Une guerre communicationnelle avant-coureur d’un possible « équilibre de la terreur »

Du côté de l’armée malienne, tout comme chez les terroristes, chacun communique sur une éventuelle victoire sur l’autre, alors que les forces armées maliennes, dans une perspective de faire reculer l’adversaire, développent avec la Russie une nouvelle forme de coopération notamment avec l’arrivée des forces paramilitaires russes Africa Corps. D’ailleurs, ces forces paramilitaires russes qui ont remplacé le groupe Wagner, n’hésitent pas à publier dans leurs chaînes des images de terroristes tués, ainsi que des armes saisies dans le cadre de leurs opérations. Pendant ce temps, certains observateurs restent convaincus que l’arrivée d’Africa Corps ne fera qu’empirer la situation sécuritaire au Mali, d’autant plus que cela n’a pas empêché, jusqu’à tout récemment, les récentes attaques aux mois de juin et juillet 2025. S’agissant des terroristes, l’armée malienne à travers la chaîne de télévision nationale, l’ORTM, annonce également en avoir neutralisé au moins 80, sans précisions sur les localités.

Pendant ce temps, alors que l’armée malienne affirme que la situation est sous contrôle, le porte-parole du FLA Mohamed Elmaouloud annonçait : « nos troupes ont mené ce vendredi une action ciblée contre une patrouille de Africa Corps. Nous avons infligé d'importants dégâts matériels et des pertes humaines dans les rangs des ennemis ». Cette déclaration fait suite aux récentes attaques d’une caserne au centre-ville de Tombouctou. Il semble donc que, selon certains parmi les médias qui relayent les informations, l’armée malienne est mise en difficulté surtout ces dernières semaines où les attaques sont quasi hebdomadaires : attaque d’un poste de sécurité des FAMA à Kouakourou, attaque au mortier de l’aéroport militaire de Gao. Ainsi, l’armée malienne qui, selon certains médias (occidentaux) ne réagit pas à ces accusations qui la déshonorent, assure avoir « vigoureusement réagi à cette attaque perpétrée dans le centre du Mali avant de se replier ».

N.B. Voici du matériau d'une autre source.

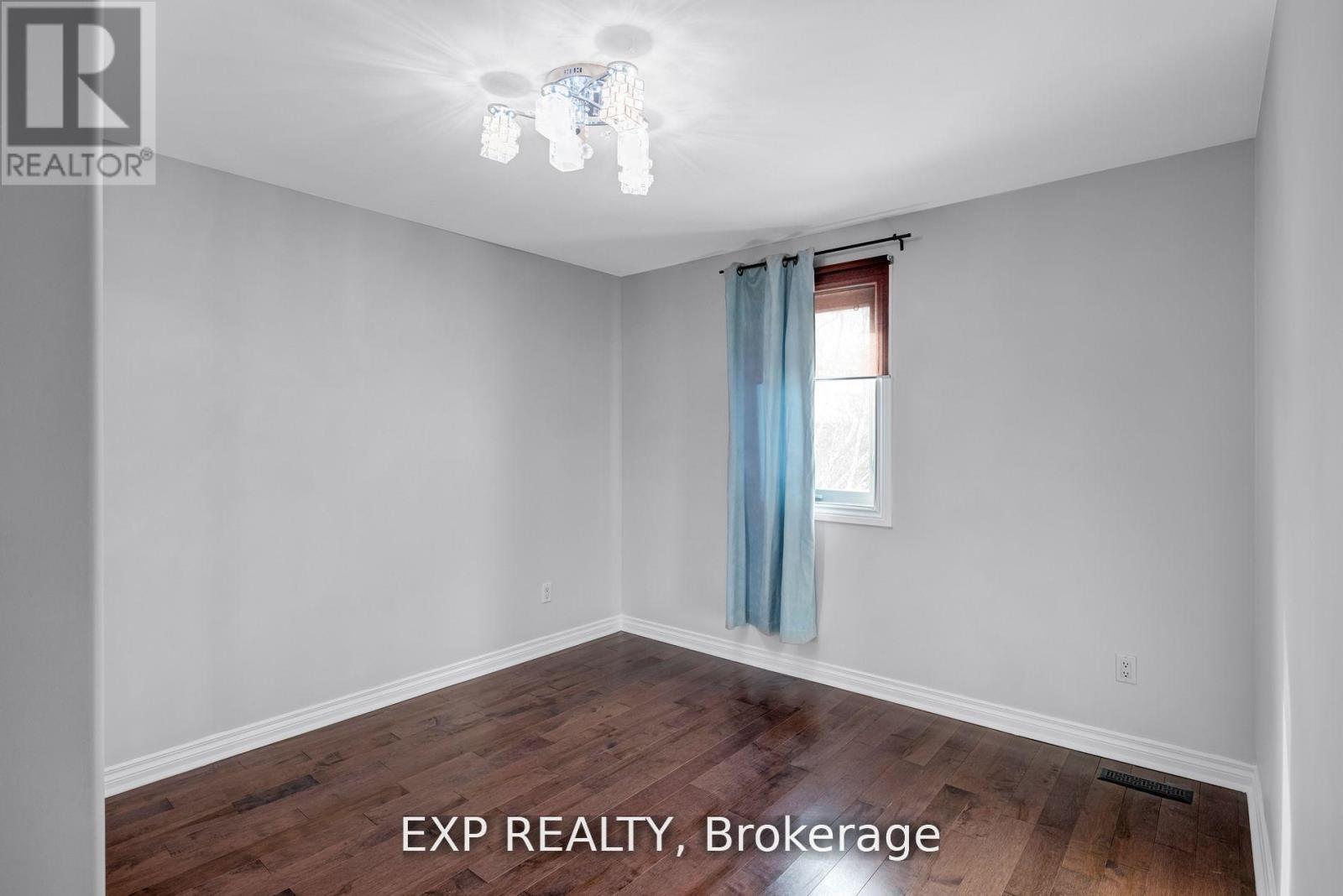 75 Somerset Crescent, Richmond Hill, Ontario  L4C 8N8 - Photo 37 - N12152485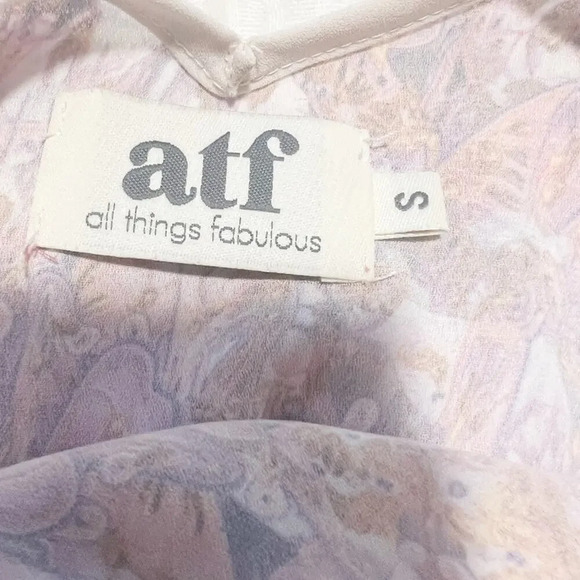 ALL THINGS FABULOUS Romper in Pink Carnival size Small - Picture 4 of 6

La quasi simultanéité de ces attaques dans les différentes parties du pays n’est pas fortuite, d’autant plus, que dans les pays de l’AES, les attaques terroristes se multiplient surtout depuis leur retrait de la CEDEAO et le départ des troupes françaises. La similitude de la recrudescence de la situation sécuritaire du Mali par rapport aux autres membres de l’AES a fait naître une pléthore de spéculations que certains ne manquent pas de lier aux choix diplomatiques de ces pays. Toujours dans le registre diplomatique, plus tôt en 2024, sans donner plus de détails, la Direction générale du renseignement ukrainien (GUR), affirmait avoir aidé les Touaregs du nord Mali dans une embuscade qui les opposait aux FAMa et les mercenaires du Groupe Wagner. Le cas échéant, le Sahel et les pays de l’AES seraient-ils le nouveau foyer de confrontation de la rivalité russo-ukrainienne ? En tout état de cause, les indépendantistes, à travers les drapeaux ukrainiens postés sur les réseaux sociaux, sont dans une logique de « guerre existentielle contre la Russie » alliée de l’État central malien. D’ailleurs, les pays de l’AES ont saisi le Conseil de Sécurité des Nations Unies pour dénoncer l’ingérence de l’Ukraine dans leurs affaires internes. De plus, il se dessine une remise en cause, par les observateurs, de la collaboration entre les FAMa et les forces paramilitaires russes dont l’efficacité reste discutable vu la recrudescence des attaques au Mali.